Major events are like Rorschach tests – our response to them brings to light what is within us. Yesterday’s eclipse elicited gasps of awe, wonder, and joy. For a few hours, millions of people were united in a special way, exulting in the wonders of the heavens. This event called forth good and positive things from the hearts of men and women and children.
In contrast, last week’s events in Charlottesville brought a lot of bad stuff into the light. We saw with undeniable clarity what many have wanted to ignore – that white supremacy is neither dead nor is it the province of a few isolated loners. Nazi flags were openly paraded down American streets; voices joined in chanting nazi slogans as marchers passed the synagogue in Charlottesville. Long forgotten fascist iconography reappeared on the shields and banners of some of the groups participating. Certainly not every participant in the “Unite the Right” rally was a white supremacist. But those who dismiss the wanton display of white supremacy as “fake news” or a “false flag” operation are engaged in willful self-deception.
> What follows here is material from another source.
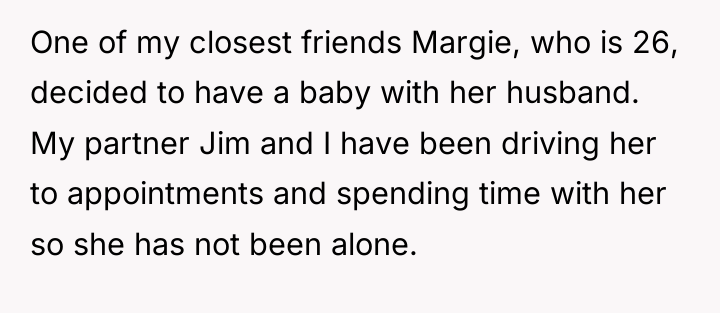 One of my closest friends Margie, who is 26, decided...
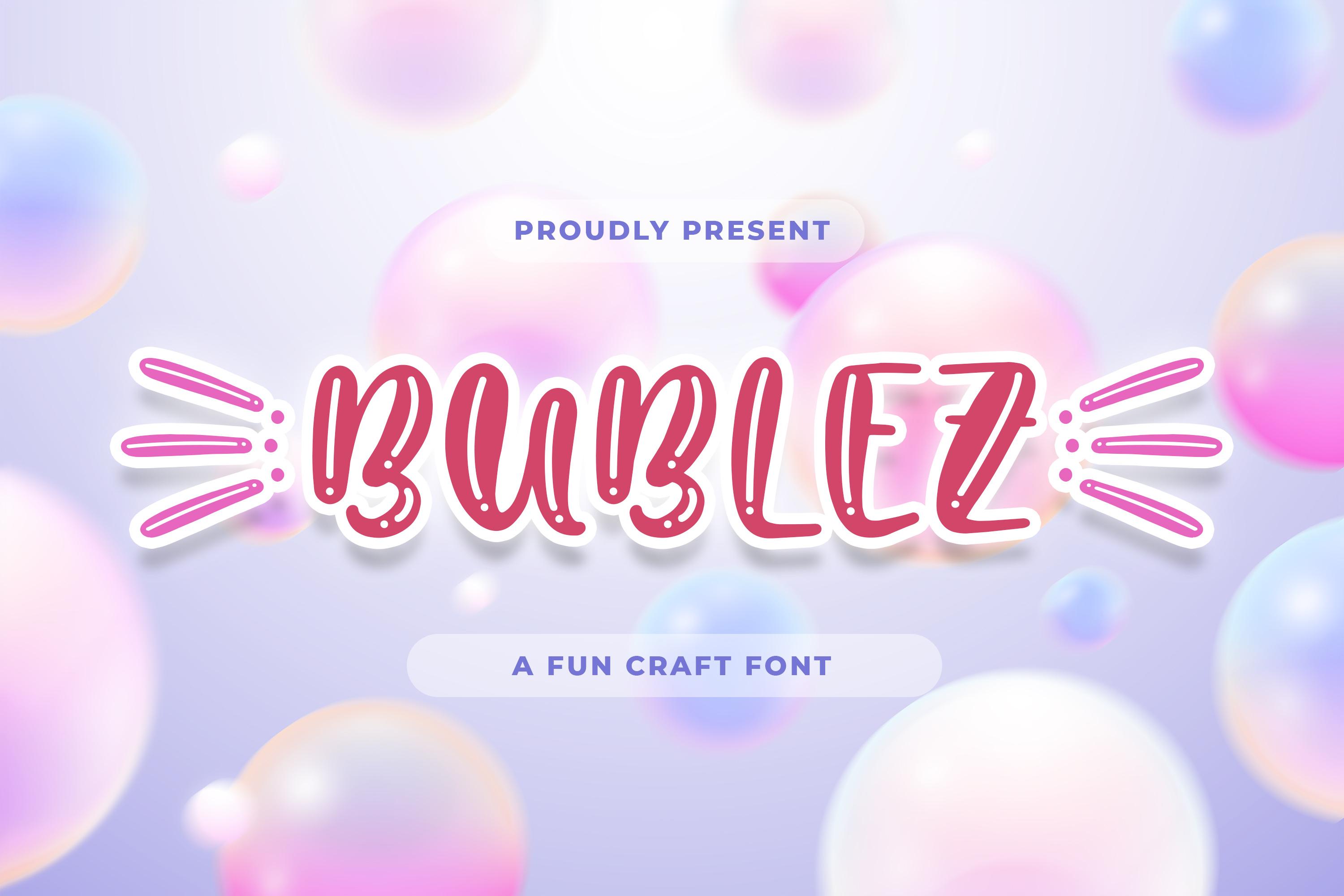 Bublez Font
In Charlottesville, white supremacists felt emboldened to creep out of their enclaves into the full sun and be noticed.
Jesus said “There is nothing concealed that will not be disclosed or hidden that will not be made known. What you have said in the dark will be heard in the daylight, and what you have whispered in the ear in the inner rooms will be proclaimed from the roofs.” (Luke 12:2-3)
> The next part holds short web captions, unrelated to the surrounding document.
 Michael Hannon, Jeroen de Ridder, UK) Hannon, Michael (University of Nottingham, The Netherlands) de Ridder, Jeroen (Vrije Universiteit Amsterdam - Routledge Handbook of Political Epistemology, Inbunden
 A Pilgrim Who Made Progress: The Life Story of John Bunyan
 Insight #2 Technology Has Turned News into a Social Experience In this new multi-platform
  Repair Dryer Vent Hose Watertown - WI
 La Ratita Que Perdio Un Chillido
In the days after their march, some of the rally attendees are feeling the backlash. People are disassociating from them or are publicly calling them to account for their stance. Ideas have consequences, after all.
And here is the lesson: all our words and actions will someday be shown in the light. Even if the dim light of earthly justice doesn’t reveal our deeds, the perfect piercing light of God’s justice will make all things known.
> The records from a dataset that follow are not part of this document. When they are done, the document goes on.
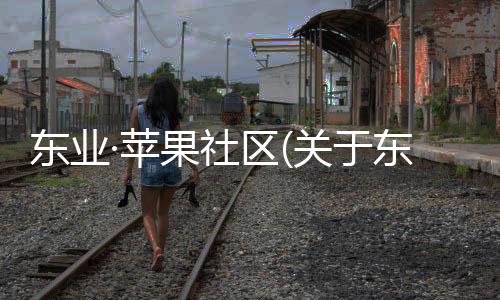 東業(yè)·蘋果社區(qū)(關(guān)于東業(yè)·蘋果社區(qū)簡述)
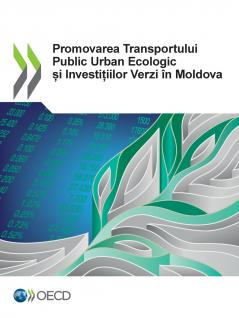 Promovarea Transportului Public Urban Ecologic și Investițiilor Verzi în Moldova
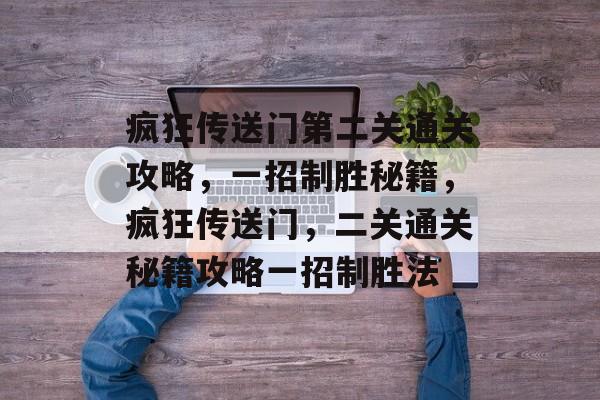 疯狂传送门第二关通关攻略,一招制胜秘籍,疯狂传送门,二关通关秘籍攻略一招制胜法 疯狂传送门第二关通关攻略,一招制胜秘籍,疯狂传送门,二关通关秘籍攻略一招制胜法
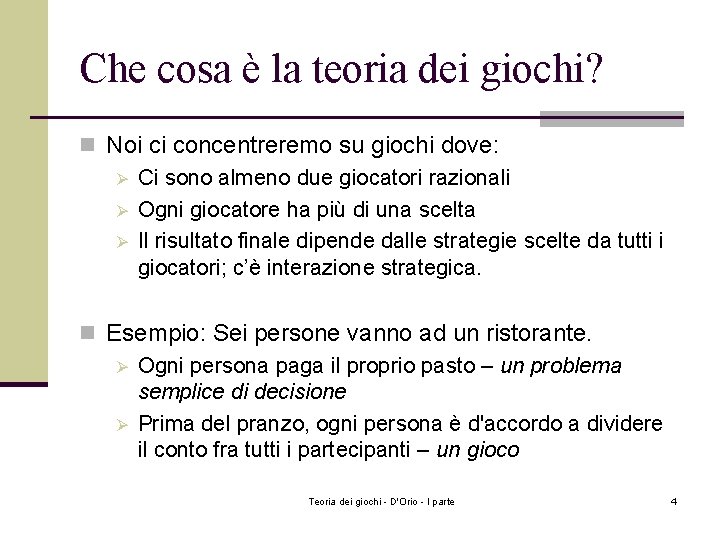 Che cosa è la teoria dei giochi? n Noi ci concentreremo su giochi dove:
Are you prepared for your thoughts and beliefs to be shouted from the rooftops? Would you feel vindication or shame? Do you speak boldly in private among your peers and companions, but mince words more closely in mixed company? Do you indulge in crude and dismissive language in private? Do you dehumanize those who disagree with you as “wingnuts” or “libtards” or “rethuglicans” or “feminazis”? What does this reveal about you?
Big events push us to search our hearts and be honest with ourselves. Psalm 139 invites God to deeply examine us: “Search me, God, and know my heart; test me and know my anxious thoughts. See if there is any offensive way in me, and lead me in the way everlasting.” (Psalm 139:23-24) This is a dangerous prayer.
As I search my heart, I see the fear curled up there, dragon-like. Fear that speaking my mind will alienate friends or family. Fear of those who enforce their thinking through shouting, intimidation, snark, condescension, and insults. Fear that I might be wrong. And that’s just the tip of the iceberg.
My job is to face the inner stuff that these events bring to light. To bring that inner stuff to Christ, seeking His grace and mercy. He says to cast all our fears on him, for he cares for us (I Peter 5:7). My job is to seek diligently His grace that saves me from my sin, delivers me from fear. But what’s more, my job is to listen to Christ and be shaped and sent as His ambassador. After all, the only thing that counts, says Paul, is faith expressing itself in love (Galatians 5:6).
Rather than reacting and dismissing and evaluating everyone else’s response, how about we turn off the pundits and ask ourselves “what has been revealed within me?” Where you find things that reflect love, joy, peace, patience, and kindness, then be sure to give thanks for God’s grace working in you. Where you find things that reflect selfishness, bitterness, anger, and strife, then acknowledge your need for God’s grace to heal and be better.
Bring your inner world to light now, so that you won’t be ashamed when it is brought to light later.
About the cover image: This image is a medieval alabaster carving of the Resurrection of Christ. This particular version hangs in the Cincinnati Art Museum, though I’ve seen similar carvings in other museums. I find the image striking because of the pose that Christ takes: strong and powerful. His right hand shapes a traditional blessing, but it is turned as though he’s gesturing to make a point. This is curious – Is he offering a blessing? Is he revealing hidden truth? Is he indicating that his work has begun, but there is still work to be done (the second coming). Overall this image conveys something of the feel of the unexpected encounter with the all-powerful Christ, which is why I chose it for this topic. When He reveals all, I expect that we will be like the soldiers cowering. Yet I also expect we will be like Peter by the seaside in John 21, experiencing relief and joy at the grace and mercy of Christ.